February 6, 2024 ITERATE

The Future of FemTech and Why Women’s Health is Not a Niche

The Future of FemTech and Why Women’s Health is Not a Niche


The most recent thought to inspire our ITERATE blog series is the opportunity to shine a spotlight on femtech: exploring its origin, why the sector matters to all and what we can do to fuel its growth. Holly shared her curiosity in this area…

The fact that the very term femtech itself was only conceived of a mere five years ago speaks volumes, both about the incredible work done by the earliest femtech startups and about the attention that this sector is long overdue.

It’s often said that naming something gives it greater power. By attaching a name to something you are legitimising its existence and providing more people with a language or vocabulary to talk about it. This is vital because by coining the term femtech in 2016, Ida Tin – co-founder and chairwoman of the Berlin-based fertility tracker app, Clue – did just that. Tin describes femtech as a business category, distinguished from femcare through the use of technology:

“What emerges is a new and huge category addressing female health needs through technology: femtech. When looking at companies that deliver software, diagnostics, services and products targeting women’s health needs, I see a fluffiness and confusion of terms that struggles to describe the individual product – and even more so shows an obvious lack of a collective description of this emerging mega category”  – Ida Tin, in “The rise of a new category: Femtech”

That we now have a name for this category, femtech, has been a significant milestone and an ever-expanding list of startups are declaring their focus on femtech. Nevertheless, given its very short history there are many who still do not fully understand what femtech covers. Initially, many (though not all) femtech startups have concentrated on using technology to deliver more effective and thoughtful solutions to women’s health issues relating to fertility, the menstrual cycle, and female reproductive health.
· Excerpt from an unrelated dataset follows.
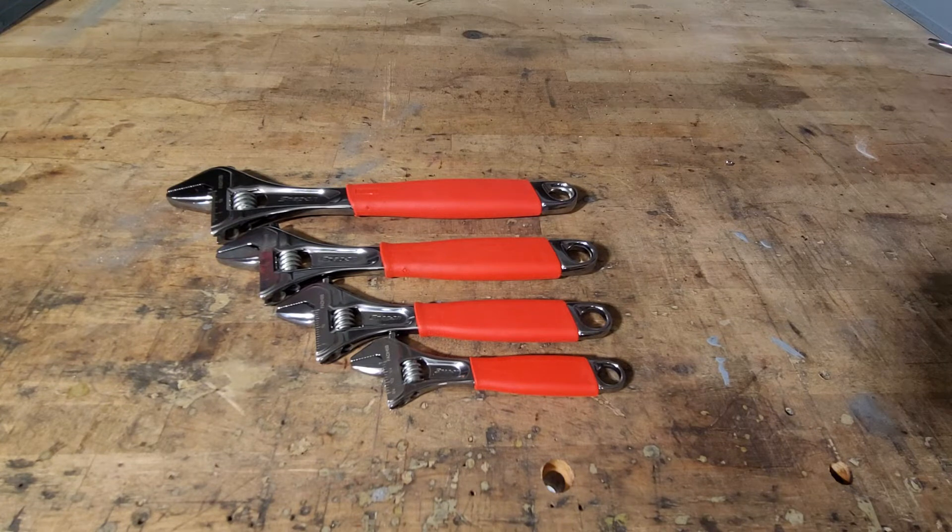I want to get into the Blue Point set — the industrial set, the standard industrial set. That one's nice because Blue Point has all of them. They have the four, six, eight, ten, twelve, fifteen, eighteen, twenty-four, and a thirty-inch adjustable. The thirty-inch opens up to three and a quarter inches, which is a ton.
The attention on this aspect of women’s health has – and continues to have – a transformative impact by destigmatising these subjects which in many spaces remain taboo. Evolving out of this nonetheless, many entrepreneurs are working to ensure that as the femtech market matures, its borders are not narrowed into a niche, rightly highlighting that women’s health is about more than just fertility. Another facet of this is ensuring that femtech serves the needs of all women, not only those of a reproductive age.
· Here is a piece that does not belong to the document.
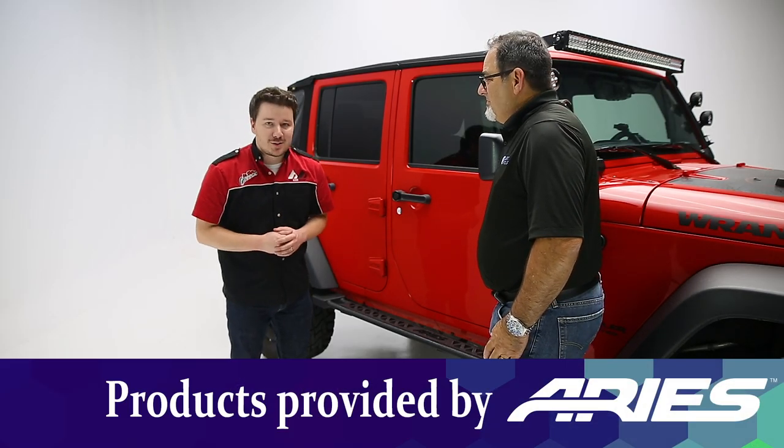Hey guys, Stephen Phillips here back in the garage. Today we're looking at Ares Rocker Steps. With Ares we have Keith.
In a recent study, Frost & Sullivan reported that the global femtech market is estimated to hit $1.15 billion by 2025. Within the expansion of this market, the issues that will be addressed will stretch well beyond fertility, focussing on the earlier diagnosis of cancers and other diseases as well as the uneven impact of Covid-19 on women’s health. A somewhat obvious yet previously unconsidered realisation has been gaining traction, that women’s bodies differ to men and that many traditions of symptom detection and diagnosis have failed to understand and explore this difference. It was this that inspired the design team here to choose the misdiagnosis of heart disease in women as our issue to address through our recent birthday design sprint. Our purpose was to appreciate and help raise awareness of the breadth of what femtech is and the fact that product design for women’s health is not limited to apps or trackers (as beneficial as these products and services can be).

When coining the phrase back in 2016, Tin predicted that in the near future venture finance firms would start to cite their interest in or passion for femtech as a sector in the same way they currently revere the medtech or fintech categories. Recently, femtech has been gaining more attention from investors but still, to many, femtech is understood as referring to startups or businesses that are female-founded. While a large number of femtech startups have been pioneered by women, this is not the core of what femtech is. In the US we are excitingly seeing new femtech-focussed firms growing, and as the category femtech continues to gain recognition the opportunities will continue to bloom.